Nikolay Dinev, 34, has worked as a coal miner for 12 years, but now faces an uncertain future as an EU-wide exit from coal is discussed at the COP26 climate conference in Glasgow, Scotland.
“It will be a disaster... The closure is inevitable,” Dinev told Agence France-Presse on the outskirts of the Maritsa East complex in central Bulgaria.
Bulgaria — which joined the EU in 2007, but remains one of the bloc’s poorest and most coal-dependent states — had long refrained from setting a deadline to end power production from coal.
Photo: AFP
However, the Bulgarian government last month said it would propose 2038 or 2040 as possible end dates as part of its engagements under the European Green Deal.
Miners’ trade unions protested in the capital, Sofia, calling for the government to save the sector that employs about 30,000 people.
Maritsa East employs 12,000 of them and provides more than one-third of Bulgaria’s electricity.
Mining has for decades been the main source of income in the region. The local deposits — discovered by a French geologist in the 19th century and later developed by Soviet engineers — still hold 1.5 billion tonnes of coal, Bulgarian Ministry of Energy data show.
The government has proposed setting up a state company to convert mining areas into industrial parks, giving jobs to former workers, but Dinev wishes he could “push back the process [of closing the mines] by 30 years” until his retirement.
“I left the army because I got 500 leva [US$296] per month, and here they offered me double,” he said, adding that this father had worked in the mines for 31 years, despite his childhood home having been engulfed by their extension.
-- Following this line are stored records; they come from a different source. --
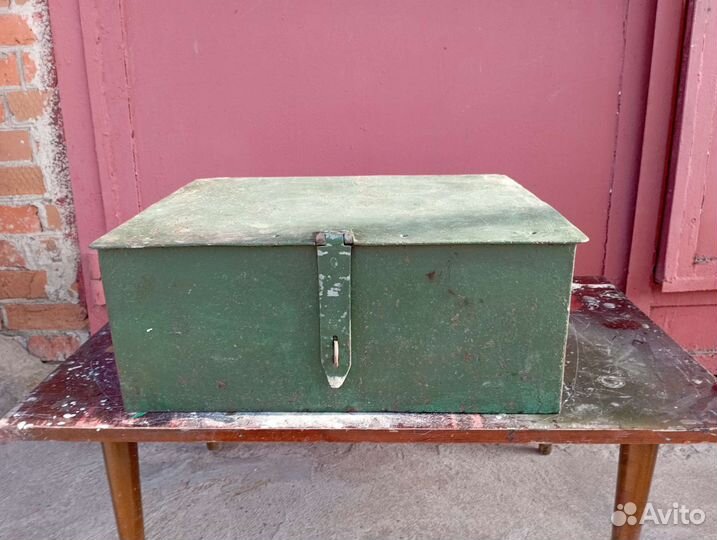 Ящик - сейф металлический СССР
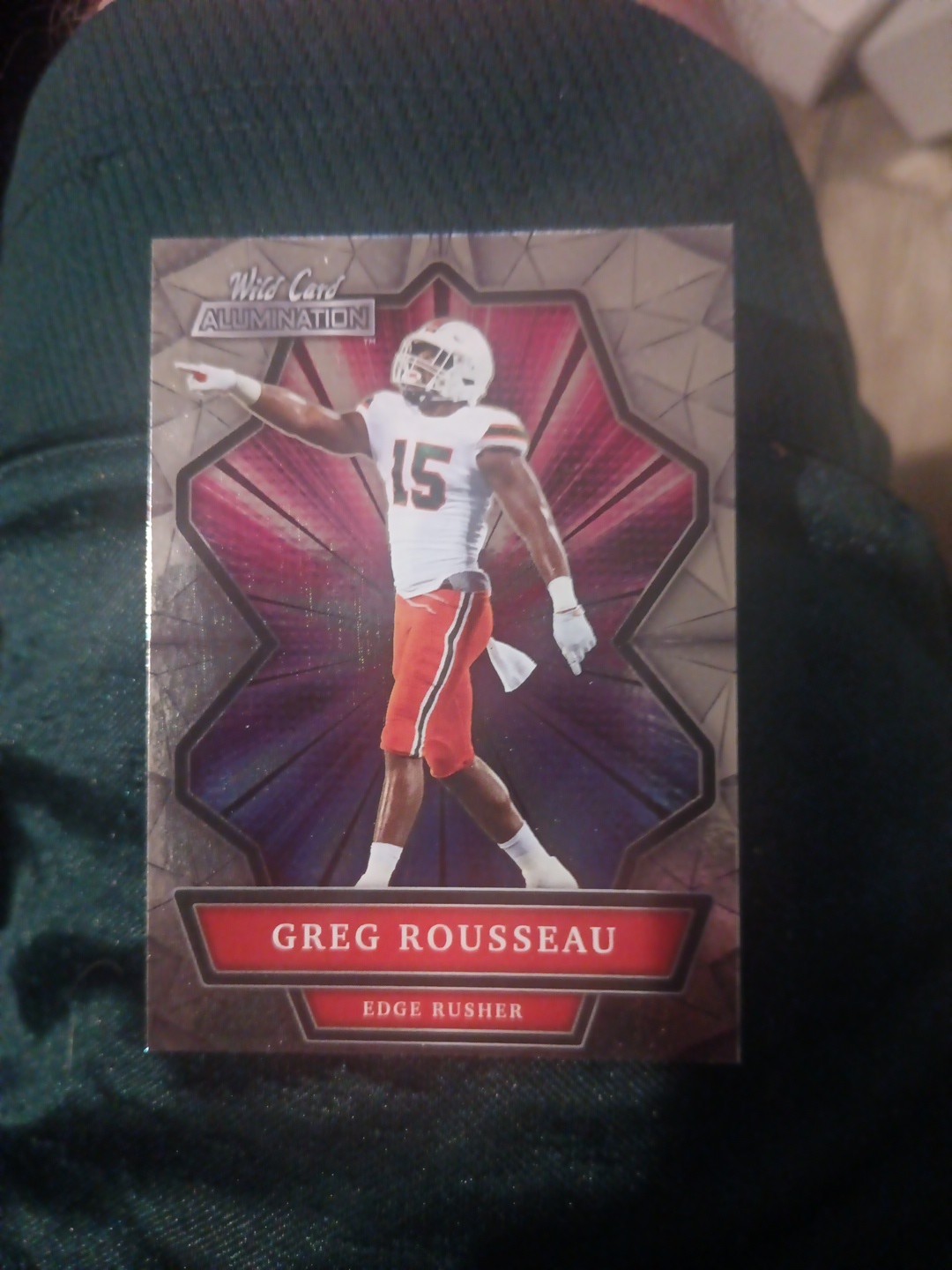 2021 Wild Card Alumination - Greg Rousseau #ABC-19 Holo-Lux Silver Crystals /99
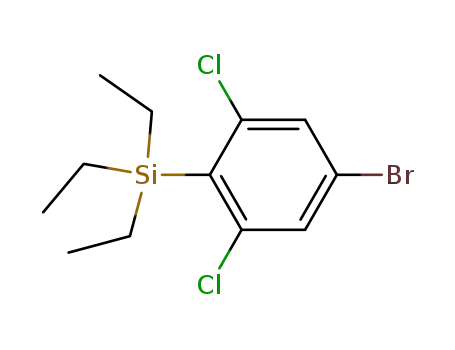 Molecular Structure of 650598-50-8 (Silane, (4-bromo-2,6-dichlorophenyl)triethyl-)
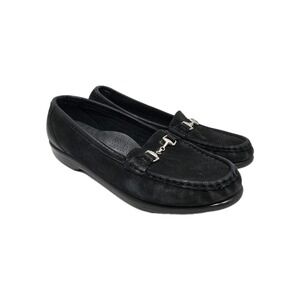 SAS Tripad Comfort Women's US 6.5 M Suede Leather Black Loafers Shoes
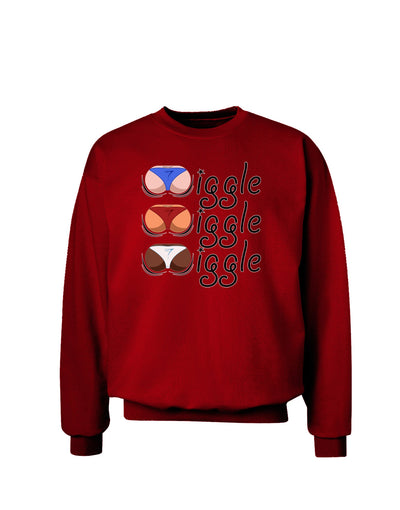 Wiggle Wiggle Wiggle - Twerk Color Adult Dark Sweatshirt-Sweatshirts-TooLoud-Deep-Red-Small-Davson Sales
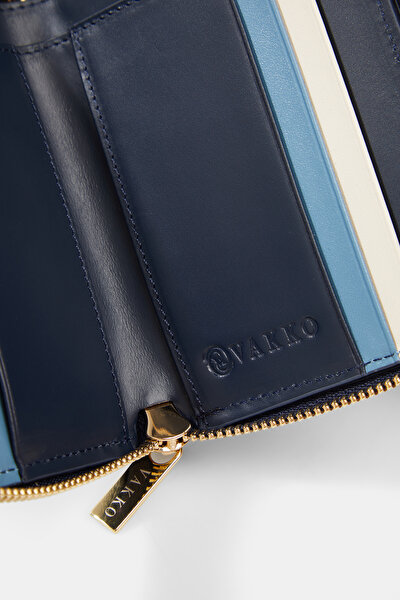 ECRU LEATHER WALLET 5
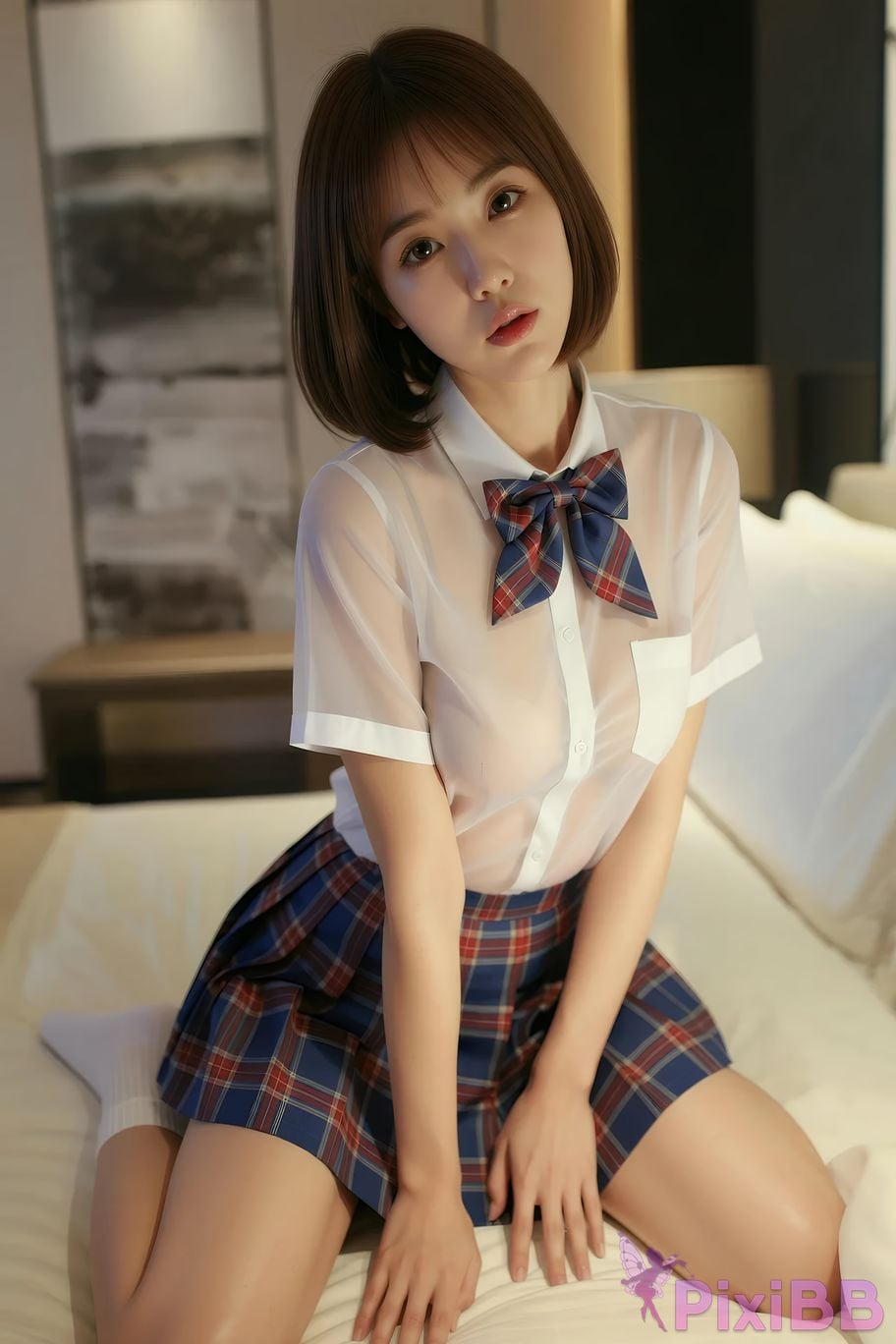 AIGirl Xiao Qiao is not JK skirt PixiBB.COM 018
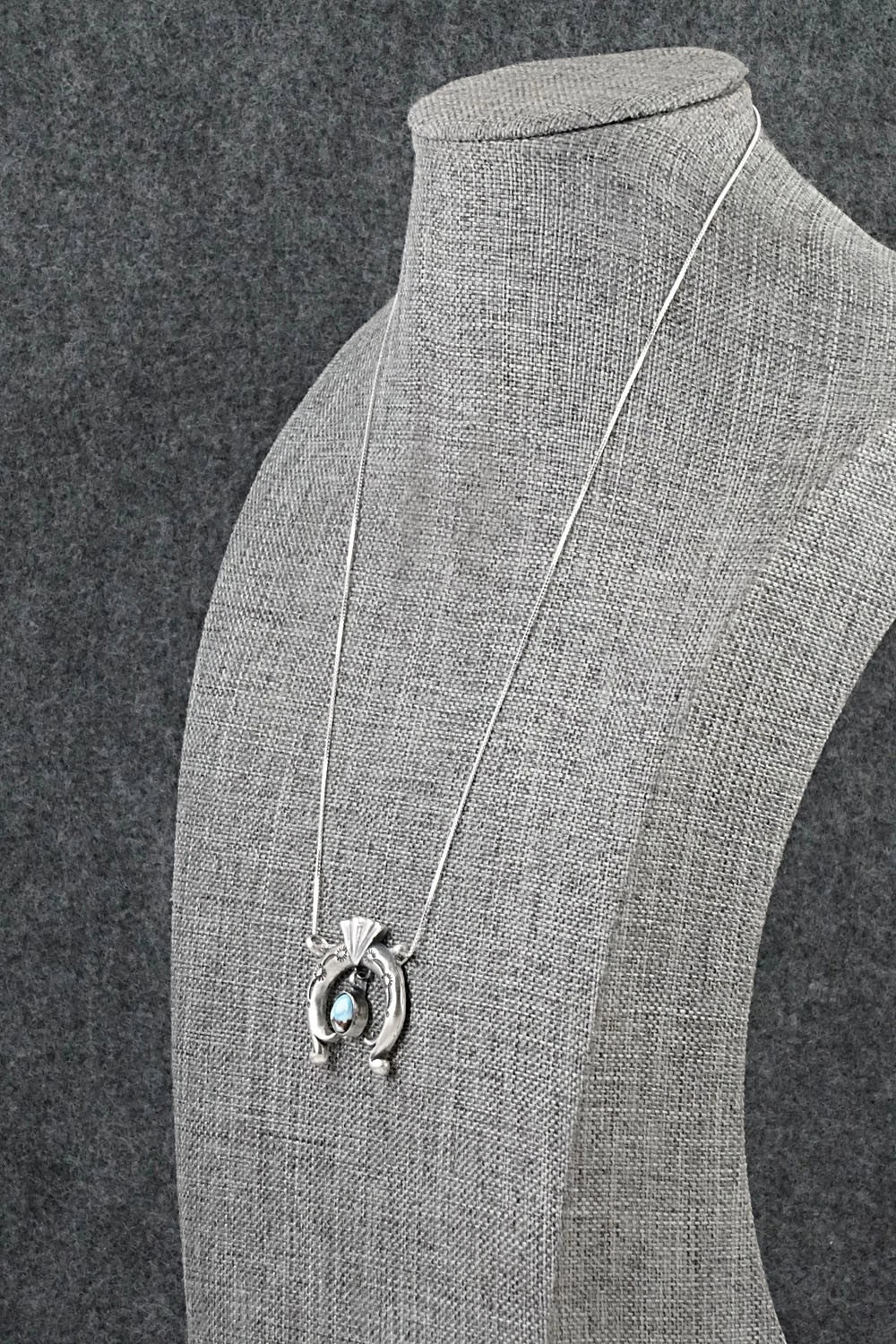Turquoise & Sterling Silver Necklace - Gary Shorty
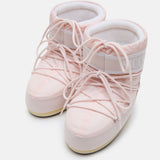ICON LOW PINK NYLON BOOTS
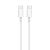 Nabíjecí a datový kabel TECHNIK USB-C/USB-C 1m, 60W 20V 3A, bílý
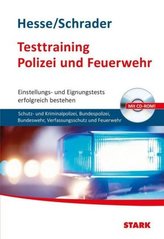 Testtraining Polizei und Feuerwehr, m.CD-ROM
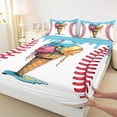 thumbnail image 4 of Erosebridal Baseball Ice Cream Full Size Sheets, Kids Sports Bed Sheets, 1 Flat Sheet, 1 Fitted Sheet and 2 Pillowcases, 4 of 5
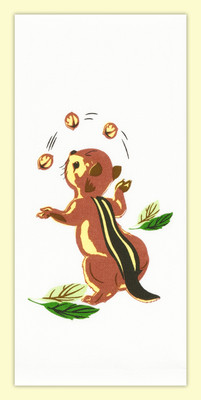 Chippy Towel, chipmunk Chippy Towel, chipmunk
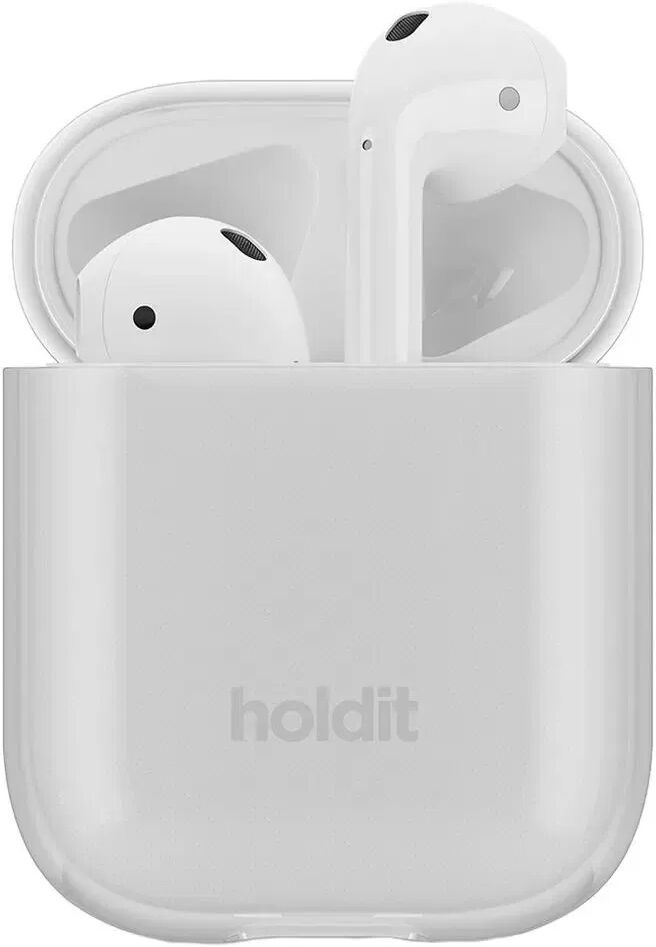 Holdit Apple AirPods (1 & 2. gen.) Seethru Case Deksel Deksel - Hvit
Dinev now earns 1,500 leva a month for 12 hours a day repairing equipment — the average salary in the poorest EU country — which is “not bad for the region,” he said.
He has saved enough to build a house for his family, where they grow fruit and vegetables, and raise chicken and rabbits.
The planned shutdown is likely to affect Bulgaria as a whole.
“It’s not only the workers in the mine, but all those who depend on them. My car mechanic is also anxious,” Dinev said.